What do you think of when you think of Munich? Beer and sausages? Oktoberfest? Women in dirndls and men in lederhosen? Yeah…me too! But there is so much more to Munich than just Oktoberfest. It’s a city which was heavily bombed during World War 2, but still has a lovely old town centre, beautiful palaces on the doorstep and a rich cultural history.
We visited Munich in October (so the beer halls were a must of course!), and the weather was rainy and grey. We got a train from the airport to Munich Hauptbahnhof and were staying close enough that we could walk to our hotel from there.
I was expecting beer, beer and more beer. It did have that, but it also had baroque palaces, royal residences, Nazi history and the Olympics. It was exciting to explore all of these in our weekend days there. My highlights from the weekend were:
ONE. Nymphenburg Palace
This baroque palace is one of the biggest royal residences in Europe. It was the summer residence of the former Bavarian rulers. I really loved the gardens, and the inside is just stunning. Definitely worth the short tram ride out of the centre to visit.
This has been the central square in Munich since 1158 and is home to the very impressive Town Hall (Rathaus), Frauenkirche, and Mary’s Column. Mary’s Column was built to celebrate the end of Swedish occupation during the 30 year’s war. This area is also really nice to walk around and explore; there’s good shopping, food and plenty of beer all around.
THREE. The Olympic Park
Munich hosted the Olympics in 1972 and the stadium and park are still actively used today, which is great to see. You can walk around the stadium and there are a few boards to read telling the story of the Olympics. The swimming pool where Mark Spitz won his 7 gold medals is still also in use.

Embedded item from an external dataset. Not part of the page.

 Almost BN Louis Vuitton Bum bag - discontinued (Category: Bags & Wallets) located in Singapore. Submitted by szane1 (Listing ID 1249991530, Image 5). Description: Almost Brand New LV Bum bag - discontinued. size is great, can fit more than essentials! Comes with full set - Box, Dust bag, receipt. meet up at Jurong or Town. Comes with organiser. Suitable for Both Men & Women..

You’re also able to walk up the Olympic tower which has great views out across Munich. It’s also worth visiting the memorial to the victims of the Munich massacre. During the Olympics, 11 Israeli athletes and coaches were killed by Black September, a Palestinian militant organisation.
FOUR. Third Reich Tour and Documentation Centre
Munich is known as the ‘capital of the Nazi movement’. You can learn all about it on a Third Reich tour, including the Hofbrauhaus where the Nazi Party was formed, the beer halls where the brown shirts would meet, the buildings from which Hitler delivered his speeches and the memorials to the opposers of the regime. Munich is also the site of the failed Munich Putsch, where Hitler first tried to gain control over the Weimar government. There is also a documentation centre which focuses on Munich’s role in the Third Reich, tells the story of the rise and fall of National Socialism, and honours its victims.
FIVE. Munich Residenz
This is the former residence of the Bavarian dukes and kings, and seat of the government. It houses the royal collections and is amazing to walk around. There’s even a full theatre inside.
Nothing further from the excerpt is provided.